[WORK REQUIRED] Whatever follows the line containing "this 474×395 image." in the listing below should be printed exactly, along with that line itself.

[RECORDS FOR THIS TASK]
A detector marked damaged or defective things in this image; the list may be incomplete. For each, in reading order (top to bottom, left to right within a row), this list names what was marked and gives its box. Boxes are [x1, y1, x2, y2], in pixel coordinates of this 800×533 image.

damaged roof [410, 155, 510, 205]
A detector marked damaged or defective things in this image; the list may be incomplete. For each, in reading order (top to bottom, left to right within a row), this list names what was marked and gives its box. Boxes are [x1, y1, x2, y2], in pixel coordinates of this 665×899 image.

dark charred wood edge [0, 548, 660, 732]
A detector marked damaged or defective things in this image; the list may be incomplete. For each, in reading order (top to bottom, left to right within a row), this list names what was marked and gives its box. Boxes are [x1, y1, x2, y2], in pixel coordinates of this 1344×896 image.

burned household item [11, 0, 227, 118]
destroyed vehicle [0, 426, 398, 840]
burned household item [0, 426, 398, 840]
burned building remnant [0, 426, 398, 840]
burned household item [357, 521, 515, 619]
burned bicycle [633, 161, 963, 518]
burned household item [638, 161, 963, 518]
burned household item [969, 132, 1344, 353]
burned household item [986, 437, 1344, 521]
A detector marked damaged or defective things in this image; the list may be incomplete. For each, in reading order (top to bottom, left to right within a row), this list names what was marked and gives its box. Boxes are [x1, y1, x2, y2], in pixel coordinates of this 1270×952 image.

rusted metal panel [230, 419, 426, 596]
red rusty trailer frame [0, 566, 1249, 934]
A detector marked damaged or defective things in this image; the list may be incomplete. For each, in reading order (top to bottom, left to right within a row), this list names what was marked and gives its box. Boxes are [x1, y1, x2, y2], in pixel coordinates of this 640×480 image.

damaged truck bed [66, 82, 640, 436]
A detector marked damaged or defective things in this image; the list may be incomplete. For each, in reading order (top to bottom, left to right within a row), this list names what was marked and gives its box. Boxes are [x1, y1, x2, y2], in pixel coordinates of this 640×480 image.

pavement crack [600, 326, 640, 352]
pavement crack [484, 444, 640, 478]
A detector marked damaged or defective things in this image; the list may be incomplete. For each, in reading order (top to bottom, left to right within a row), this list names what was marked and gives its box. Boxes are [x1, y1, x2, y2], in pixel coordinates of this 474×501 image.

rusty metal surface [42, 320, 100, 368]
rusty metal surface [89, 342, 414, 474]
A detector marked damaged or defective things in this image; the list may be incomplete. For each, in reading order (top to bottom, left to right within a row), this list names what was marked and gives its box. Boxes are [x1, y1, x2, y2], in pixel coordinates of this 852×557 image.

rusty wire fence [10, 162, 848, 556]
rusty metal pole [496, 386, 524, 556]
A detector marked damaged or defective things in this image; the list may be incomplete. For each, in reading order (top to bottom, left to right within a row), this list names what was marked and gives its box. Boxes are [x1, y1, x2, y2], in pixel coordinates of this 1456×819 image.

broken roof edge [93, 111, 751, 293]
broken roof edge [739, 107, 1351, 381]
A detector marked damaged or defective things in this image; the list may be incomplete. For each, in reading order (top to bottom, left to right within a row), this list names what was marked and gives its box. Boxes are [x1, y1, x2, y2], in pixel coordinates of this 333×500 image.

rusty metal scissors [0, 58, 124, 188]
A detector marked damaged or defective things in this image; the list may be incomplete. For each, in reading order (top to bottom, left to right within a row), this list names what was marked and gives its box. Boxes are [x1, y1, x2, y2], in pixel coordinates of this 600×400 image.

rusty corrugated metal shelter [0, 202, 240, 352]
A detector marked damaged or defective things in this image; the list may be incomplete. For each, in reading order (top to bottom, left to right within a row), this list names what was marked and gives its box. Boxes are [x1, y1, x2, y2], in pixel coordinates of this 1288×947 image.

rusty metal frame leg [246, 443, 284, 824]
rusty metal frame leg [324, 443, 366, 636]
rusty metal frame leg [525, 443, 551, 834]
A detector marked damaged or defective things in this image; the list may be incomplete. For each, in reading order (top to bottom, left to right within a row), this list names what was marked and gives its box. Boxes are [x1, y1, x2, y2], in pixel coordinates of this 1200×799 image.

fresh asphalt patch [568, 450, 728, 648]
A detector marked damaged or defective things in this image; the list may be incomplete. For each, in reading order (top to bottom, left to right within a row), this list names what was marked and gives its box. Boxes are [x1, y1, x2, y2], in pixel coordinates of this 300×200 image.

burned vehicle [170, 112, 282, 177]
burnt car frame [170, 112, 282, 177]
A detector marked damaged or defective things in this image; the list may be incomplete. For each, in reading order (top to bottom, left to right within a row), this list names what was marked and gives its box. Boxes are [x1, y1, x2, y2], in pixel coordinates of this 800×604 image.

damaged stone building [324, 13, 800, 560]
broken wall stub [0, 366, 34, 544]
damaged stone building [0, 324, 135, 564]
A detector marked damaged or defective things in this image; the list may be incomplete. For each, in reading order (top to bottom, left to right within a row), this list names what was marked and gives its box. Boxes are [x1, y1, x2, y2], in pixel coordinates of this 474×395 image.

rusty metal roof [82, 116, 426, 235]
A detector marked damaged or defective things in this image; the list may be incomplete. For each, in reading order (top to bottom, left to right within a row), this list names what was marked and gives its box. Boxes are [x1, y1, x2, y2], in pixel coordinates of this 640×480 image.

[THE COMPLETED TASK]
A detector marked damaged or defective things in this image; the list may be incomplete. For each, in reading order (top to bottom, left to right within a row), this list names what was marked and gives its box. Boxes are [x1, y1, x2, y2], in pixel coordinates of this 474×395 image.

rusty metal roof [82, 116, 426, 235]
A detector marked damaged or defective things in this image; the list may be incomplete. For each, in reading order (top to bottom, left to right within a row), this list names what was marked and gives its box. Boxes are [x1, y1, x2, y2], in pixel coordinates of this 640×480 image.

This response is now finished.